At a Glance…
The European Commission (Commission) clarifies the meaning of the term “deal on own account” for the purposes of the Systematic Internaliser (SI) definition under MiFID II. This may have implications for the regulatory status of EU investment firms when they hedge their client orders with group companies.
A question of definition
SIs are investment firms that, on an “organised, frequent, systematic and substantial basis,” execute client orders on their own account outside a trading venue.1 The regulators are keen to ensure that SIs are not allowed to engage in matched principal trading on a regular basis outside a trading venue.
In its recently published Commission Delegated Regulation, the Commission clarifies that, for the purposes of the SI test only, the term “deal on own account” should be understood as a reference to the commitment of proprietary capital by the investment firm (i.e., a risk-taking market actor) and should not normally include riskless principal trading unless all of the following requirements apply:
- the matching arrangements are entered into by the investment firm with group companies;
- the group company counterparty is unable to provide quotes or other information on trading interests to third parties or to reject or amend such intra-group transactions; and
- the transactions are carried out for the sole purpose of centralising the risk management of the group.

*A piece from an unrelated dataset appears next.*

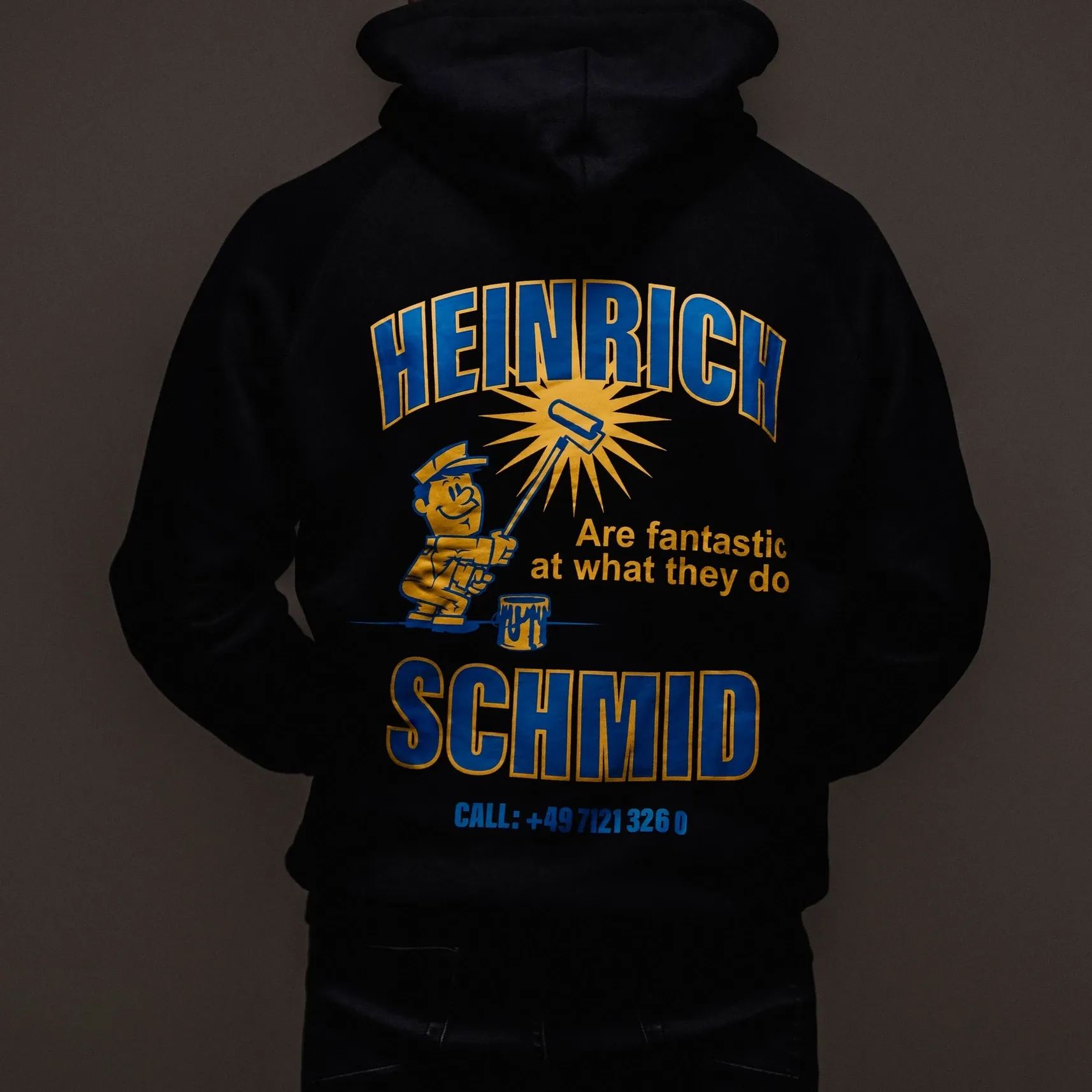 Person von hinten in schwarzem Hoodie mit blau-gelbem „Heinrich Schmid“-Aufdruck und Cartoon-Handwerker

This will mean that EU investment firms that, for example, have hedging arrangements in place with group companies may still qualify as SIs even if they are acting solely in a riskless principal capacity. Such firms should therefore have arrangements in place to determine whether their riskless principal trading activity in relevant financial instruments exceeds the applicable thresholds under the “organised, frequent, systematic and substantial basis” SI test.
SI threshold calculations
Transactions that do not contribute to the price formation process and/or are not reportable should not be included in the calculations for the purposes of the SI definition. Only those financial instruments that are traded on a trading venue (TOTV) will be required to be reported under the post-trade transparency and transaction reporting regime.
The term TOTV is not specifically defined in MiFID II. The European Securities and Markets Authority (ESMA) has stated in its opinion dated May 2017 that transactions executed outside a trading venue (i.e., executed over-the-counter (OTC)) will be treated as TOTV if they involve a specific type of instrument that trades on a trading venue.
The concept of TOTV for shares, bonds and exchange-traded derivatives that are fully standardised is likely to be clear but the position for OTC derivatives will be less clear. However, the ESMA opinion clarifies that OTC derivatives that have similar characteristics to exchange-traded derivatives by virtue of sharing the same reference data except the issuer and trading venue fields will be treated as TOTV. In relation to transaction reporting, index or basket instruments will be treated as TOTV if a component of the index or basket is TOTV.
Investment firms are expected to notify their home state regulator of their SI status by September 2018, although it is possible to opt into the SI regime from 3 January 2018.